### Dataset extract
::::::::::

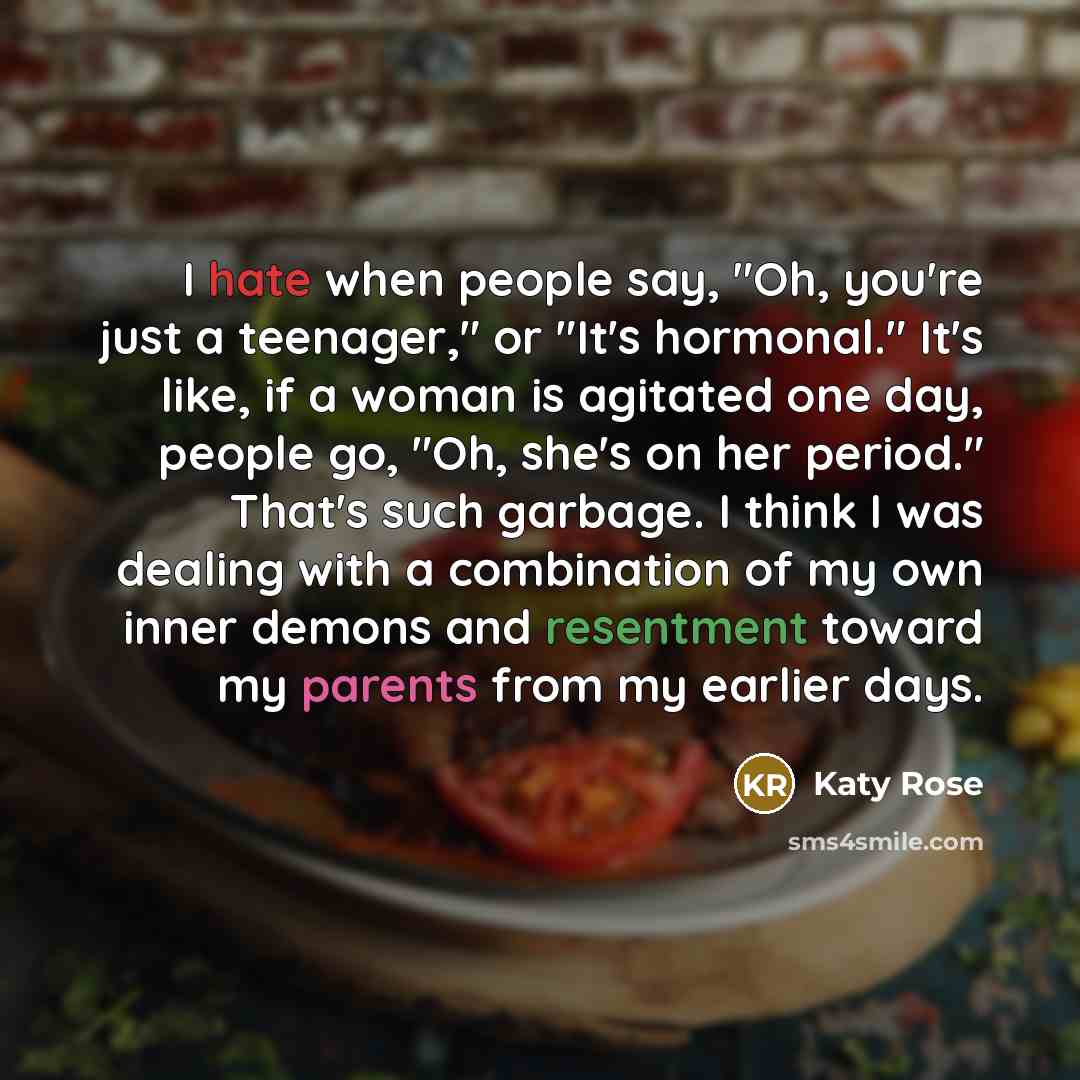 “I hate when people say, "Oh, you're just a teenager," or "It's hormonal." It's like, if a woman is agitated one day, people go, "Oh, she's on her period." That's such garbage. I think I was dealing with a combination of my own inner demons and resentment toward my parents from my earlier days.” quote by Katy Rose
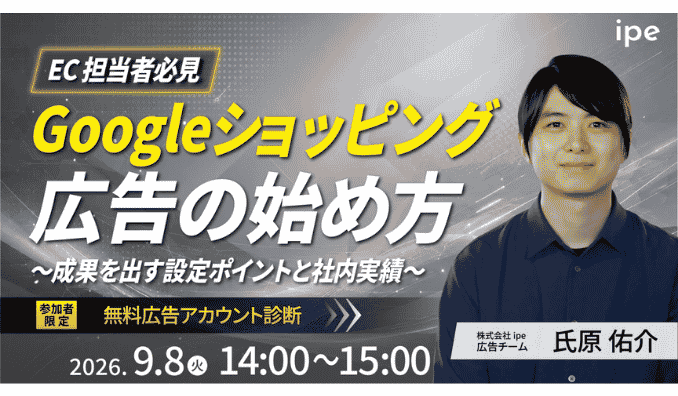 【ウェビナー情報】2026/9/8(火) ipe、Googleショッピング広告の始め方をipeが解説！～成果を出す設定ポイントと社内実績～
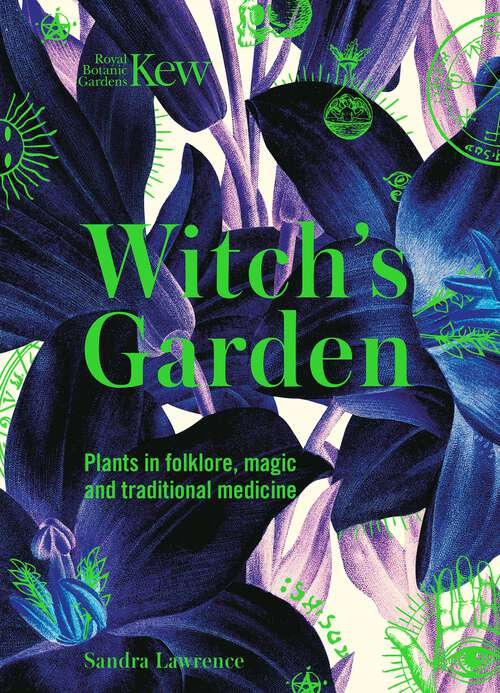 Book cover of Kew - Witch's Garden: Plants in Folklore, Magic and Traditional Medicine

::::::::::

### What to produce
Each line of the data above must be reproduced as written. Skip the pictures.

### Answer
 “I hate when people say, "Oh, you're just a teenager," or "It's hormonal." It's like, if a woman is agitated one day, people go, "Oh, she's on her period." That's such garbage. I think I was dealing with a combination of my own inner demons and resentment toward my parents from my earlier days.” quote by Katy Rose
 【ウェビナー情報】2026/9/8(火) ipe、Googleショッピング広告の始め方をipeが解説！～成果を出す設定ポイントと社内実績～
 Book cover of Kew - Witch's Garden: Plants in Folklore, Magic and Traditional Medicine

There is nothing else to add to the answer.